And there are people who hate compliments.

So it’s funny how within an org there are cogs (and non-cogs) who hate that they aren’t recognized and then there’s cogs who hate when they are recognized.

Not sure the distribution in the population but it seems like the default mode is to shower complements that mean nothing other than the complimenter has some process for complimenting people.

[0] https://en.wikipedia.org/wiki/DISC_assessment

1 comments

Haha this is a point I didn’t bring up but loosely in my opinion lends credence to why obfuscating cogs as cogs is morally wrong.

The opposing view on here appears to be if you can compliment the cogs who enjoy that and keep them happy that way, things are better. This view is self serving and for the benefit of the higher ups. Not the cog.

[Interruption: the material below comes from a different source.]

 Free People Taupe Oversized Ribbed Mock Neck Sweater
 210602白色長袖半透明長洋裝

Thanks for this though. Interesting to think about. I’ve added your comment and the link to my DEVONthink wiki on status quo :)

I’ve been a cog before and had hippie managers and asshole managers. Honestly, I prefer the occasional whip from the asshole than the constant stream of bullshit from hippies trying to tell me every day how my data entry was “awesome.” The weird thing is sometimes I think they convinced themself that our cog work was awesome.

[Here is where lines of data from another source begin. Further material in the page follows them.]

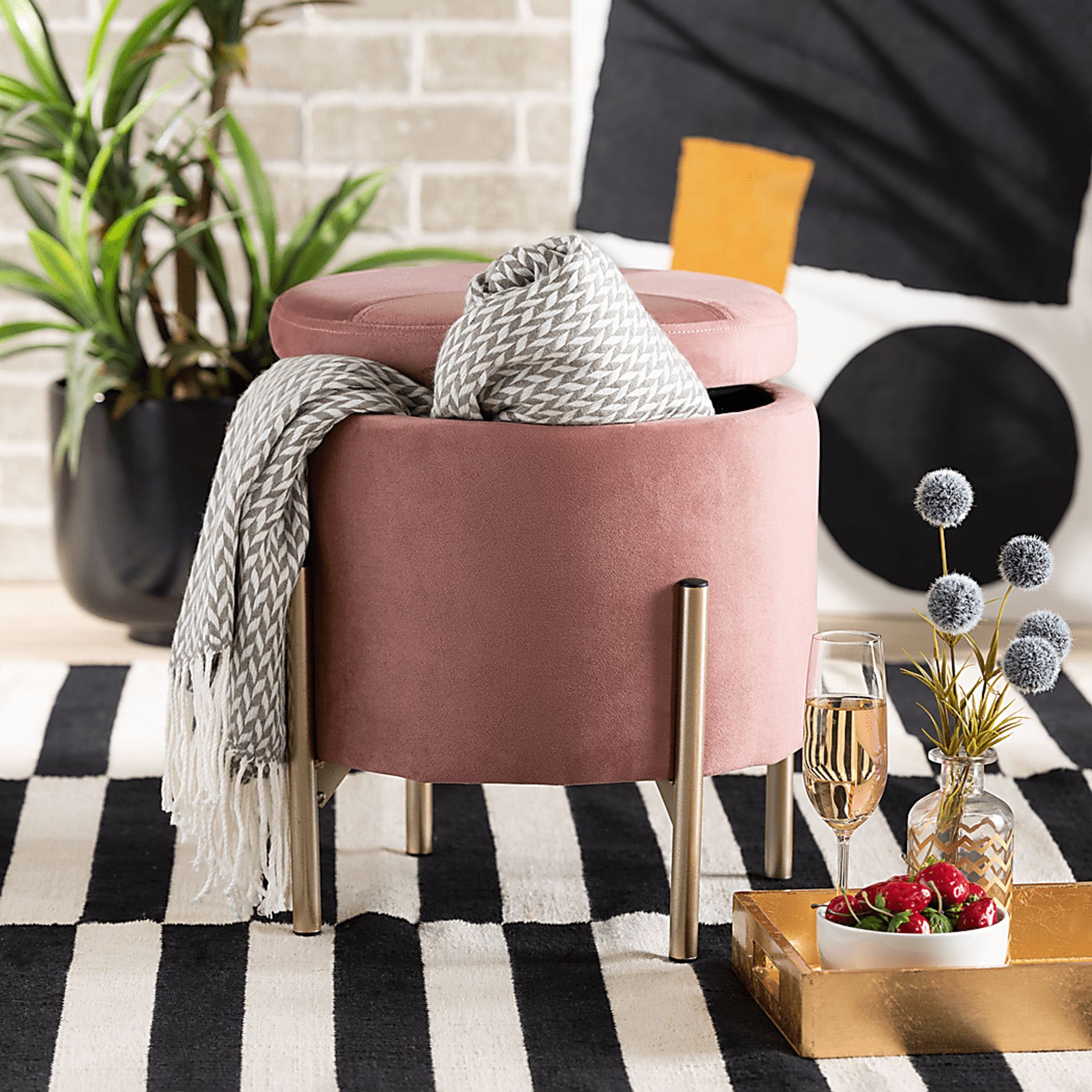 Causton Pink Ottoman - Image 7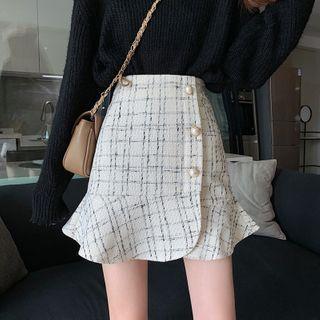Ruffled Hem Mini A-line Tweed Skirt
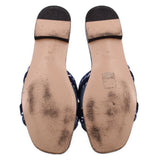 GUCCI JANE LOGO DENIM SANDALS BLUE 39 EU | 9 US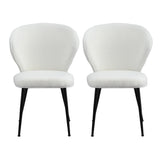 Kingscote Wing Back Dining Chair, White Sherpa 2pcs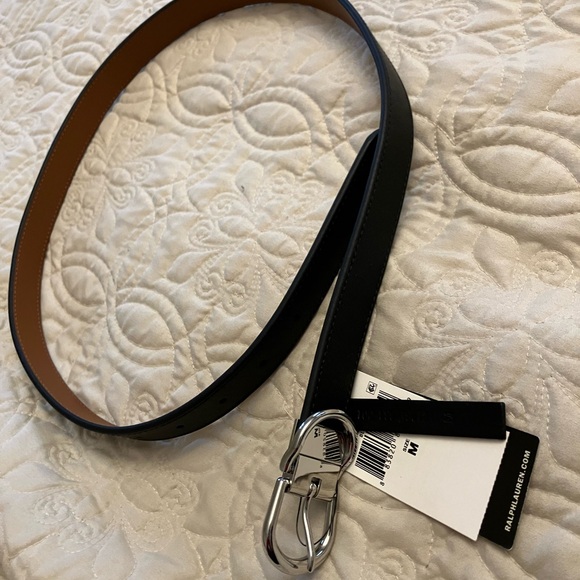 NWT Lauren Ralph Lauren Black and Brown Leather Belt - Picture 5 of 6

If I’m a commodity, I’d rather be straight about it and have a shared reality since businesses will actually treat me like a commodity when it’s important.

Yes I responded very similarly in a nearby comment. Haven’t had such divergent managers. But have had asshole and normal enough ones. I know I didn’t like it when they thought my work was “awesome”. It would be miserable if they ended up actually believing that.

Your last sentence is key. Worded better than I have been able to word it throughout this entire thread

At that level, abstract logic becomes more important. Is it better to think of a flower in a field as part of a larger ecosystem, or characterize your company as a machine composed of cogs?
Characterizing the company and cogs as flowers as part of a larger ecosystem sounds and feels better. However if the treatment is the same as the cogs. Or worse with the platitudes, then it’s better for the company and higher ups. Worse for the flowers or cogs.